To solve this problem, we’re gonna have to use a compound angle formula. And the formula we’re actually gonna use is this one, which tells us that cos two 𝜃 is equal to cos squared 𝜃 minus sin squared 𝜃, which in turn is equal to cos squared 𝜃 minus one, which is also equal to one minus two sin squared 𝜃.
Now as you can see, this is a lengthy formula that has a number of relationships. So now, we’re gonna have a look at how we can break it down and decide which parts we’re going to use. As we can see from the question, in our expression what we actually do is we have the same angle in both parts. We have 52 degrees. In both terms, it is cos squared 52 degrees minus sin squared 52 degrees.
So if we look back at the formula, we can see that our 𝜃 is equal to 52 degrees. This means that we can actually rewrite our expression as cos squared 𝜃 minus sin squared 𝜃, which is fantastic because what it means is we can now highlight the part of the compound angle formula that we’re going to use. So as you can see here the part I highlighted, this actually represents that: cos squared 𝜃 minus sin squared 𝜃.
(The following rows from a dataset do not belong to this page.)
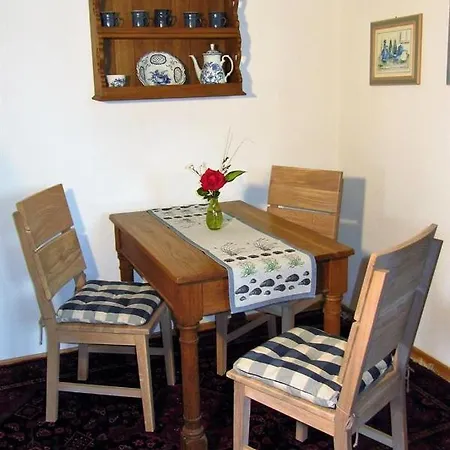 Meier-althof Bad Salzuflen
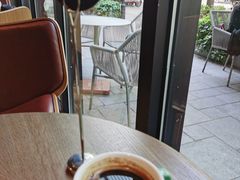 -Wagas沃歌斯(大学路店)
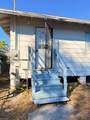 3316 Armstrong Ct - Photo 10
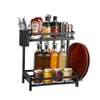 2tier multi functional spice storage thumb 1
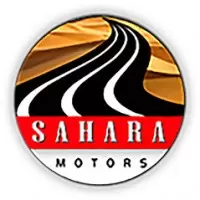 Sahara Motors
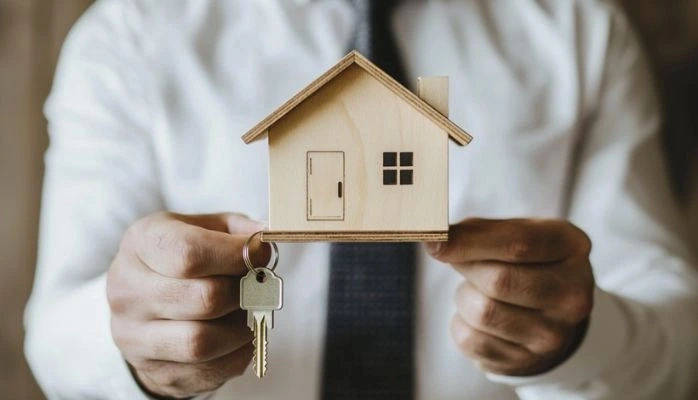 Publication du décret d'application de la loi habitat dégradé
But now if you want to fully simplify it, what we need to see is which one of the other relationships we want to choose to actually help us do that. But as already is pointed out, we already know the value of 𝜃. This relationship here would be the best one to choose. So now, we can actually use it back on the left-hand side to write that cos squared 𝜃 minus sin squared 𝜃 is equal to cos two 𝜃.
Right, now, the only thing we need to do now to help us simplify it is actually substitute back in 𝜃 is equal to 52 degrees. So this means we’re gonna get cos squared 52 minus sin squared 52 is equal to the cosine of two multiplied by 52. So therefore, we can say that cos squared 52 minus sin squared 52 is equal to the cosine of 104 degrees fully simplified.
So great! We’ve got to our final answer, but what we’re gonna do now is quickly check it. And in order to do that, we’re actually gonna check it on a calculator. So we can start by putting into our calculator cos squared 52 minus sin squared 52. And this gives us negative 0.24 to two decimal places.
Remembering at this point to make sure that the calculator is in degrees, so it’s gotta little d or deg in the display. So next, we’re now going to find out what the cosine of 104 degrees is. So we type that into our calculators. And as expected, we also get negative 0.24 to two decimal places.
Great! So we can now say that our fully checked answer is that the cos squared 52 minus sin squared 52 is equal to the cosine of 104 degrees.